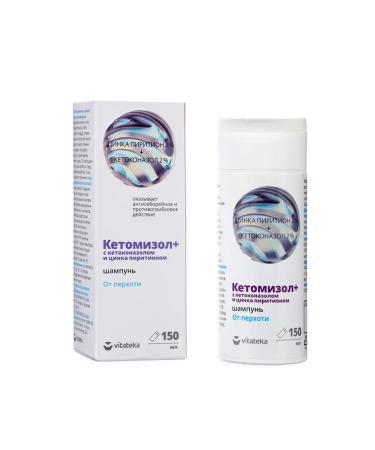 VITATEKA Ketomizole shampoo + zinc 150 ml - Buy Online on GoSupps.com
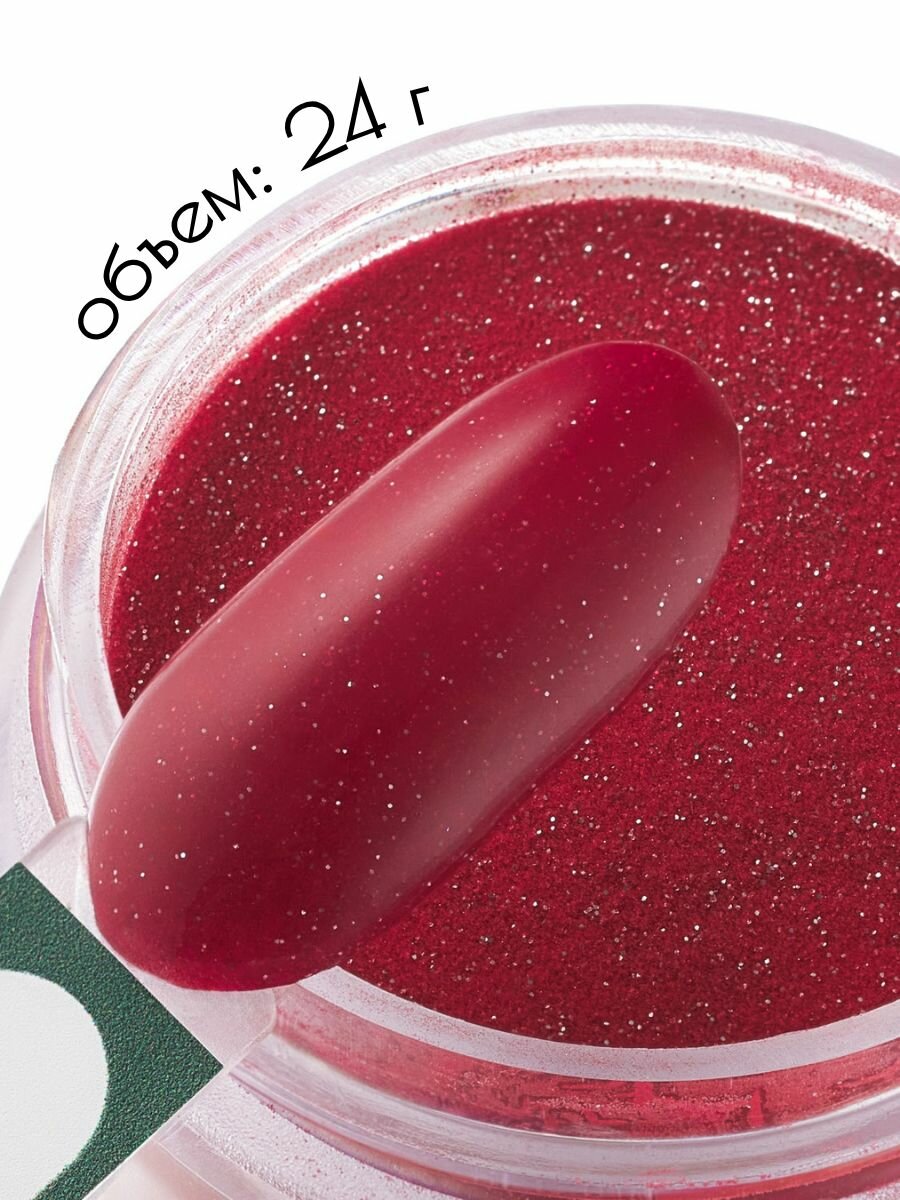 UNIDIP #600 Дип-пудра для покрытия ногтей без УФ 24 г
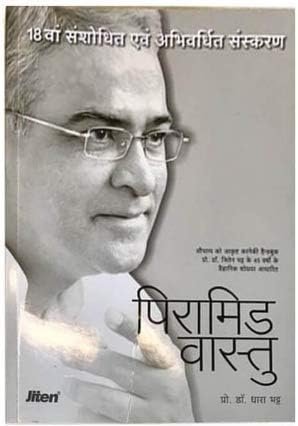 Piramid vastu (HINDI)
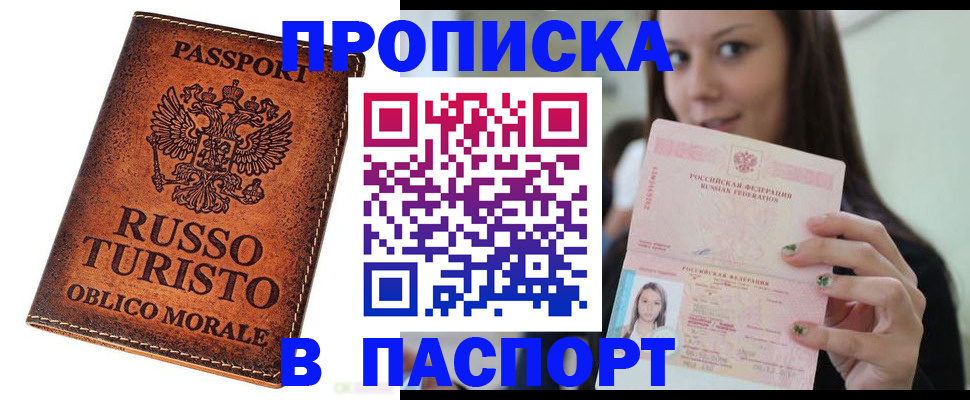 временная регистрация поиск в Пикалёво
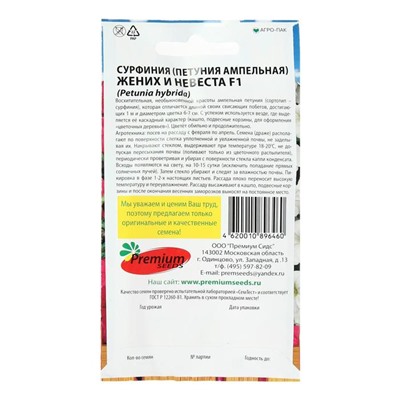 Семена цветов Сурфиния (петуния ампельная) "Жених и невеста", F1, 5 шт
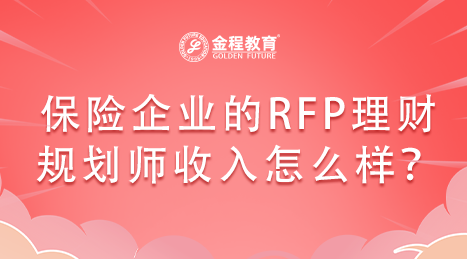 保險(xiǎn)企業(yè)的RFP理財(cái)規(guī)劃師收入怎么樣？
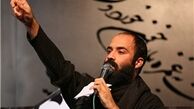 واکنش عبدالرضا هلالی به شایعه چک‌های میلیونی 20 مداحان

...

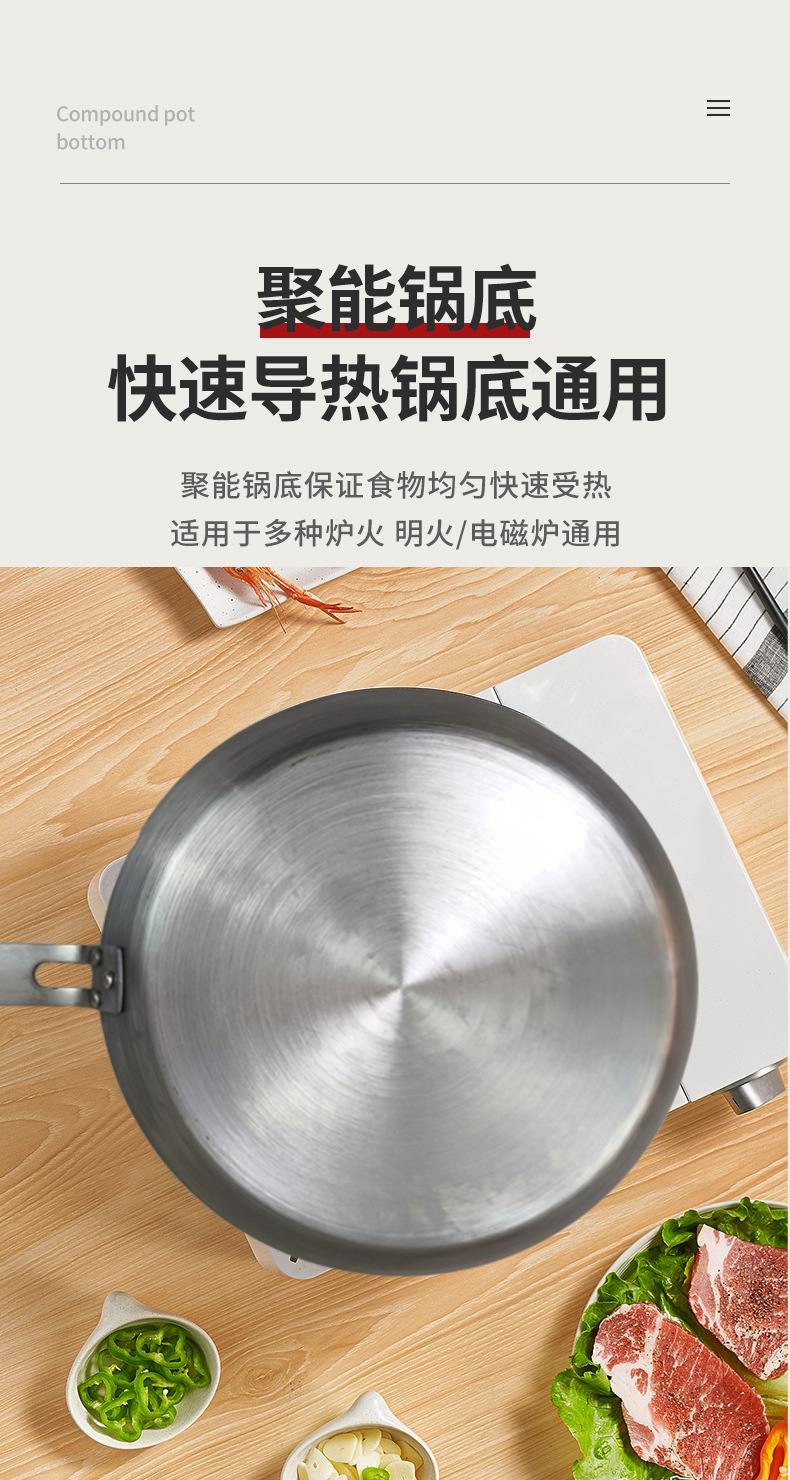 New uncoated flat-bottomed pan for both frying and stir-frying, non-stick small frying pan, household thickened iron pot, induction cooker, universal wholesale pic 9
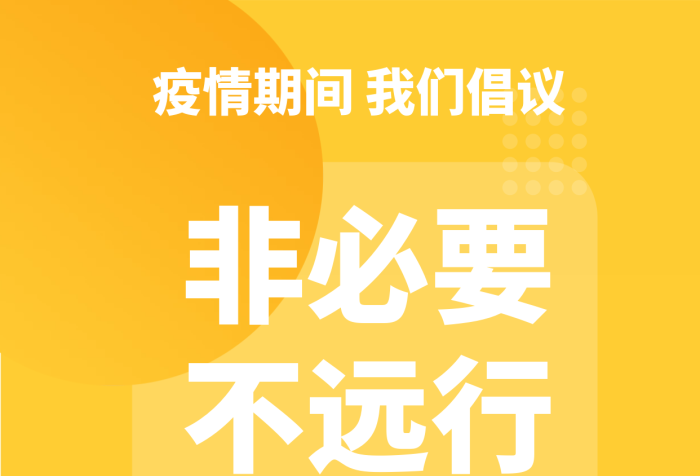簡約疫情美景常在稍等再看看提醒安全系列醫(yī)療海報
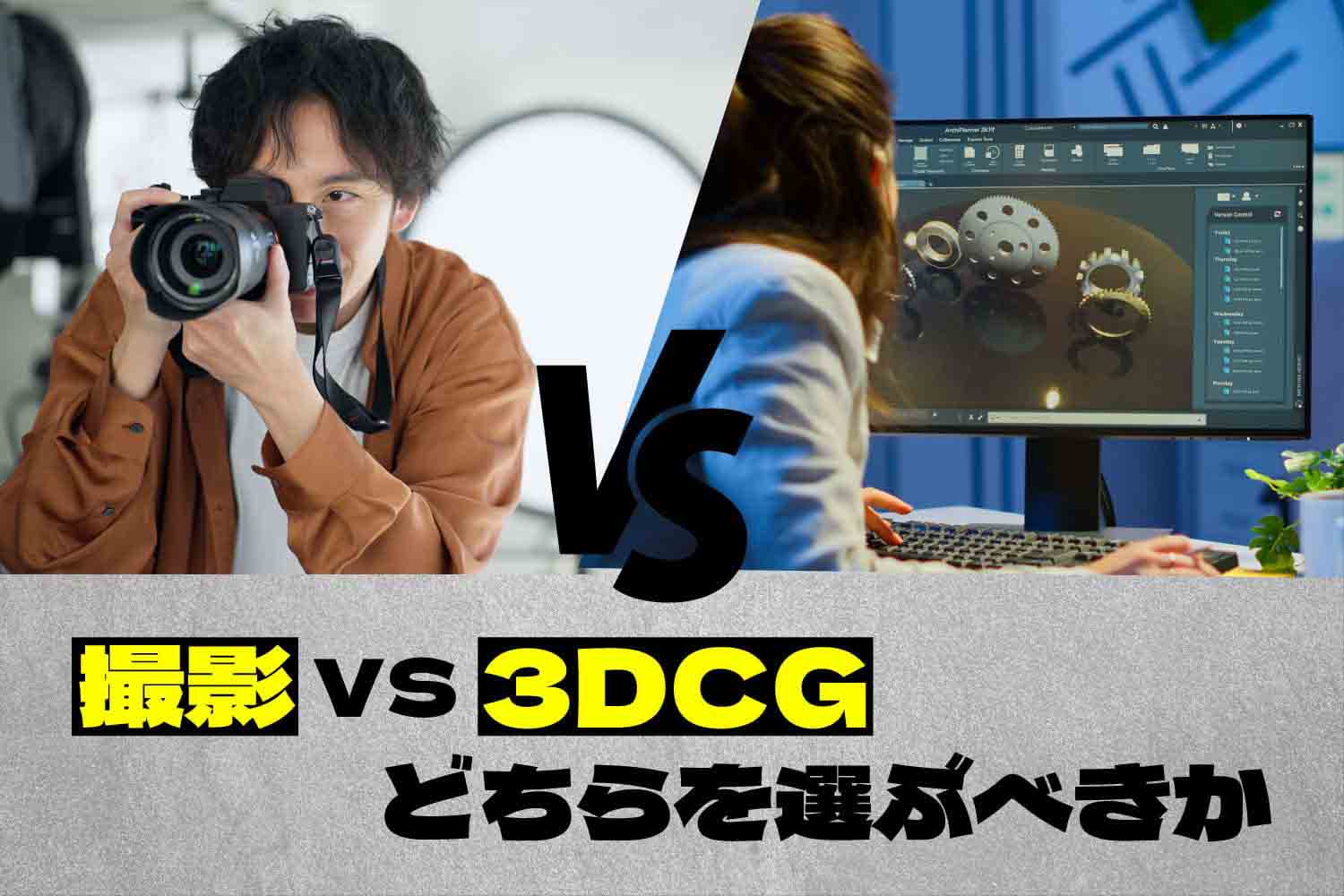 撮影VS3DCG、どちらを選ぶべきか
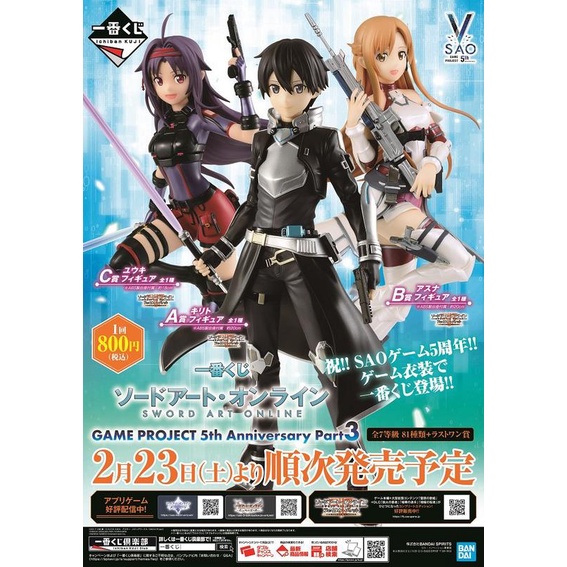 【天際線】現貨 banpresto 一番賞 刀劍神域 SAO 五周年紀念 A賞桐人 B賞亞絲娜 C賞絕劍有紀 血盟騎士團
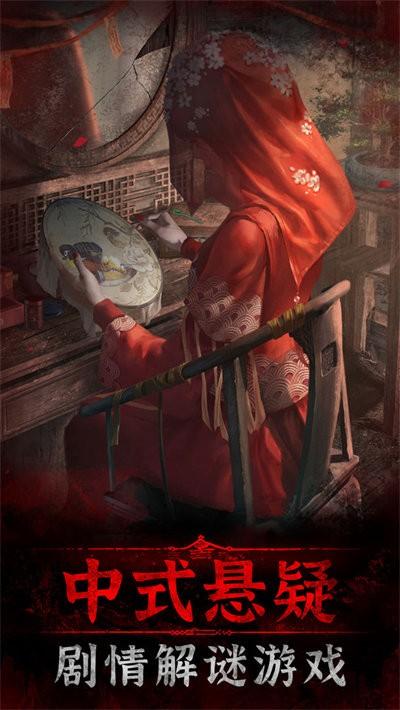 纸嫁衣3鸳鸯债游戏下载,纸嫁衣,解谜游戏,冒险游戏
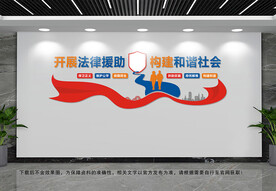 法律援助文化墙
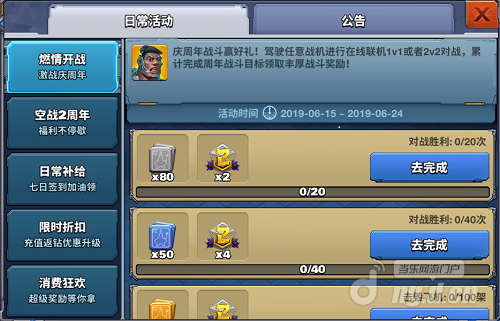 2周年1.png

* * *

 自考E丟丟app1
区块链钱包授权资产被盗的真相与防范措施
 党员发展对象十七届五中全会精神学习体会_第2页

Task directions —
Reproduce, exactly and only, the lines of the records above starting at the line with "VITATEKA Ketomizole shampoo" and ending at the line with "保險(xiǎn)企業(yè)的RFP理財(cái)規(guī)劃師收入怎么樣？", both included. Leave every picture out.

Solution —
 VITATEKA Ketomizole shampoo + zinc 150 ml - Buy Online on GoSupps.com
 UNIDIP #600 Дип-пудра для покрытия ногтей без УФ 24 г
 Piramid vastu (HINDI)
 временная регистрация поиск в Пикалёво
 Семена цветов Сурфиния (петуния ампельная) "Жених и невеста", F1, 5 шт
 保險(xiǎn)企業(yè)的RFP理財(cái)規(guī)劃師收入怎么樣？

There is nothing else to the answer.